**REQUIRED ACTION**
Pictures excluded, reproduce exactly the lines below from the one with "French Wrought Iron 6 Light Chandelier" through the one with "OMVAI Spring Bloom", both included.

**RECORDS SHOWN**

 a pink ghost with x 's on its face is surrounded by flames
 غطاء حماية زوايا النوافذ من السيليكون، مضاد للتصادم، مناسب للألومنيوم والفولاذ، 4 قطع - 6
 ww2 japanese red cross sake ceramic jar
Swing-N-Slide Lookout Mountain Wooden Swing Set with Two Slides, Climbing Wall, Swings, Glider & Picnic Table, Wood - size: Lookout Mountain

--

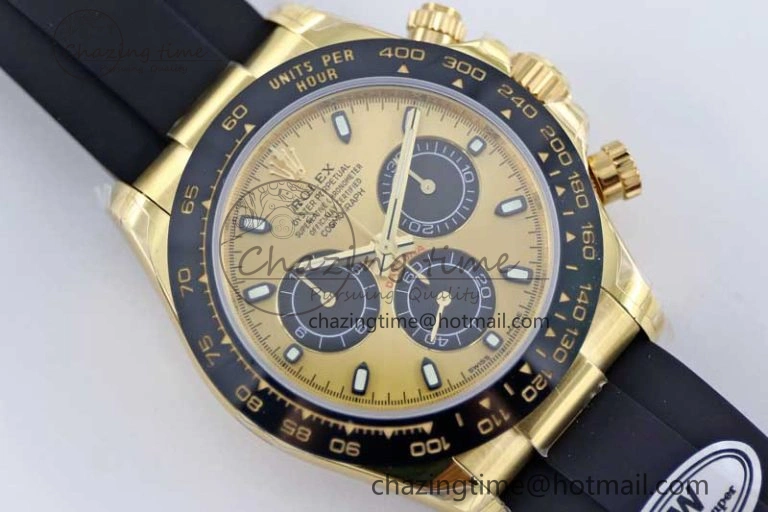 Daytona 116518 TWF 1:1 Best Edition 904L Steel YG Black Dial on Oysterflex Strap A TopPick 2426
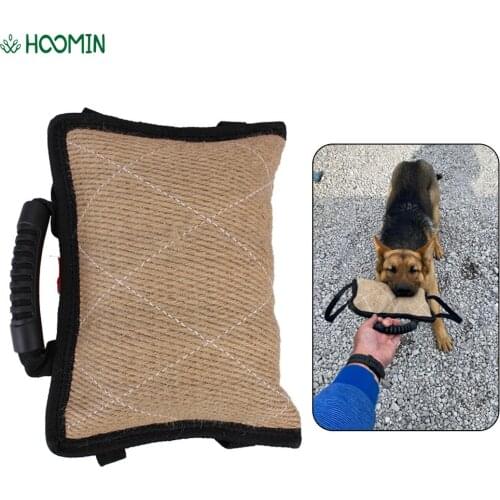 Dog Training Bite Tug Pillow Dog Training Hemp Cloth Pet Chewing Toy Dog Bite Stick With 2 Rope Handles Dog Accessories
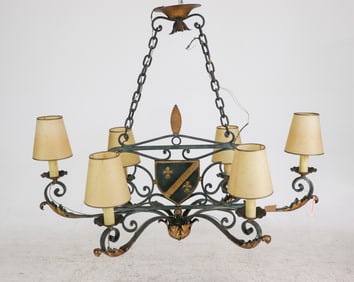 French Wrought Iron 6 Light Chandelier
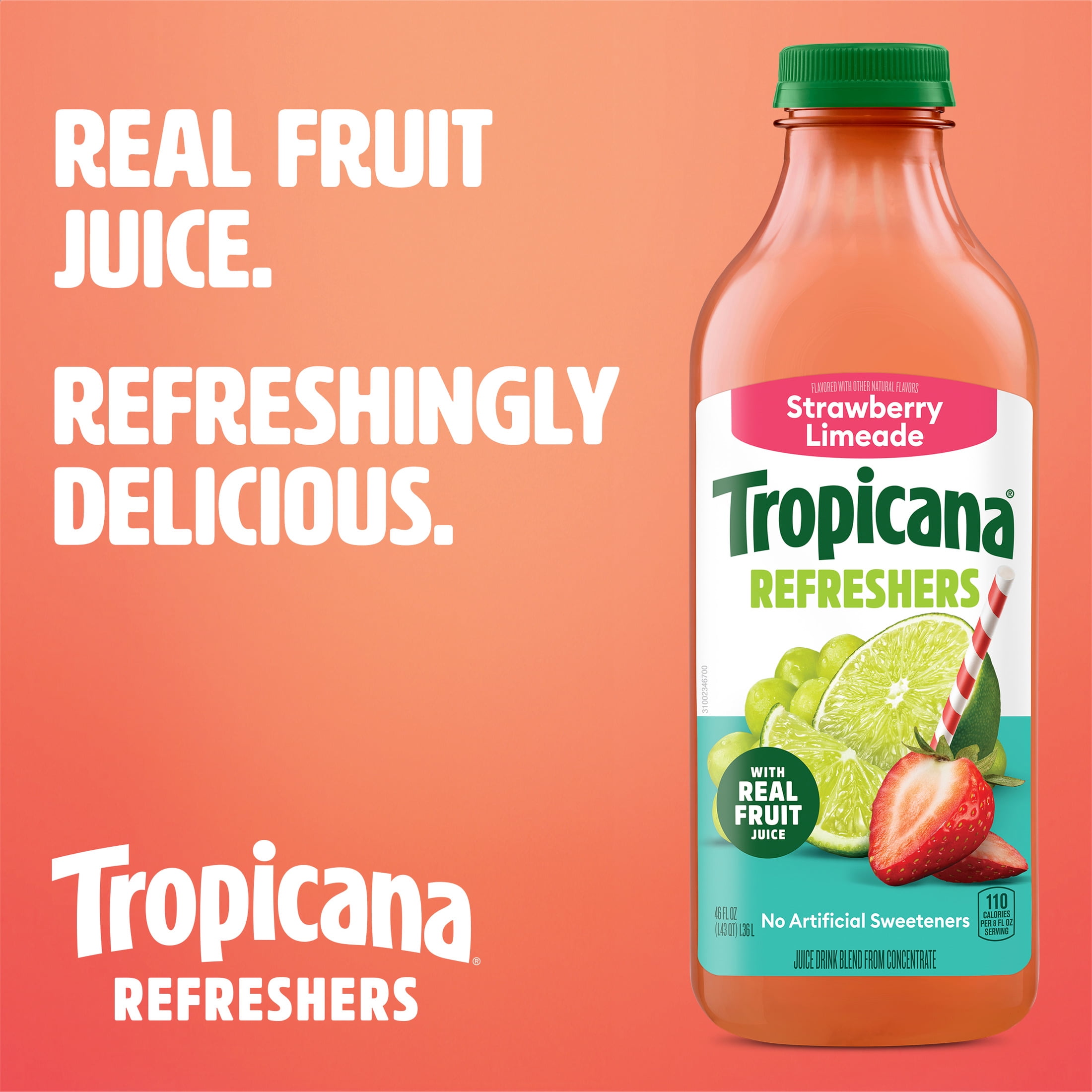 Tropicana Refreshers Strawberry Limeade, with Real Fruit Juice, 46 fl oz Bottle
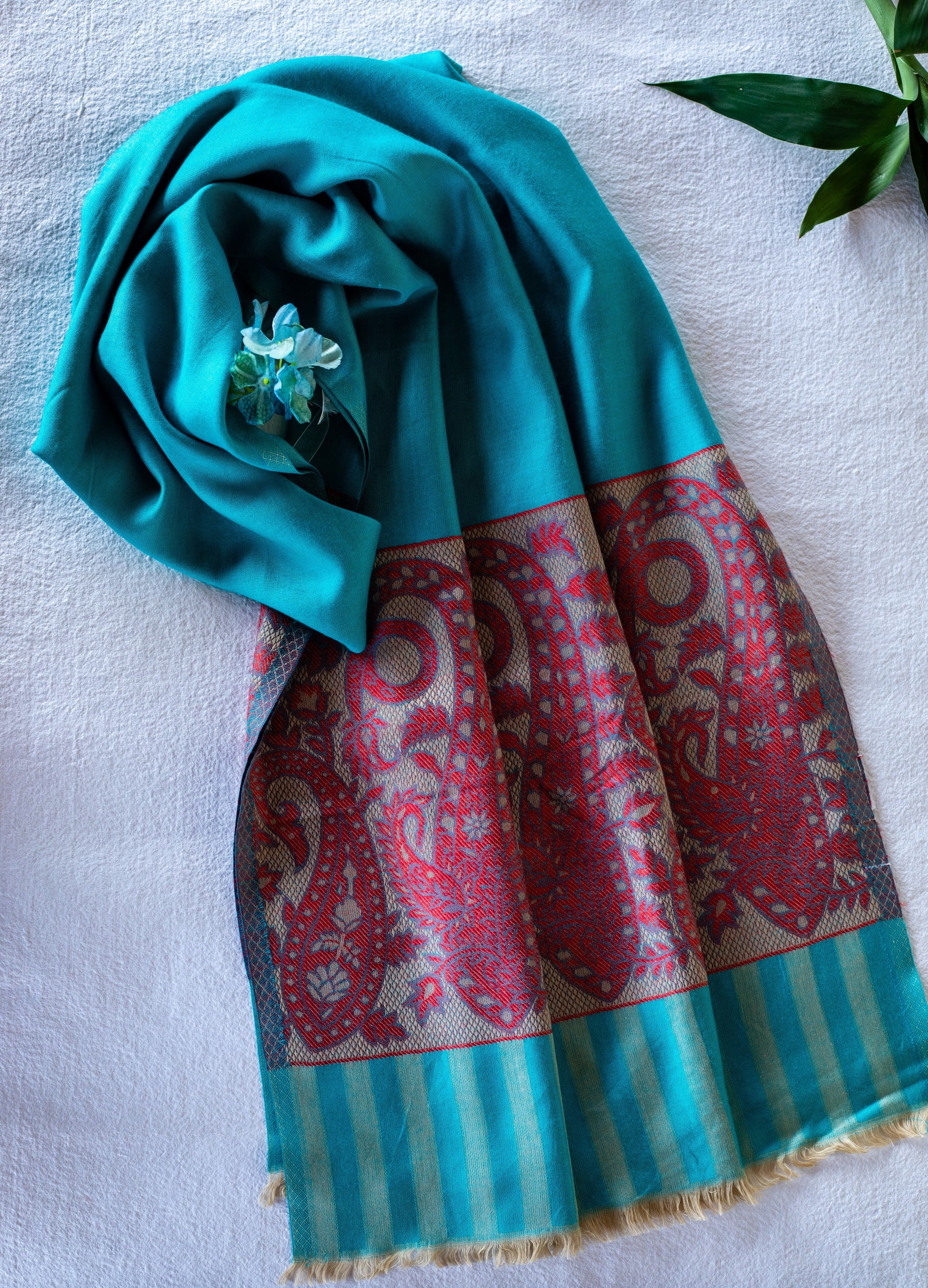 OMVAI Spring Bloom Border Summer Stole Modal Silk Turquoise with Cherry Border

**EXERCISE OUTPUT**
 French Wrought Iron 6 Light Chandelier
 Tropicana Refreshers Strawberry Limeade, with Real Fruit Juice, 46 fl oz Bottle
 OMVAI Spring Bloom Border Summer Stole Modal Silk Turquoise with Cherry Border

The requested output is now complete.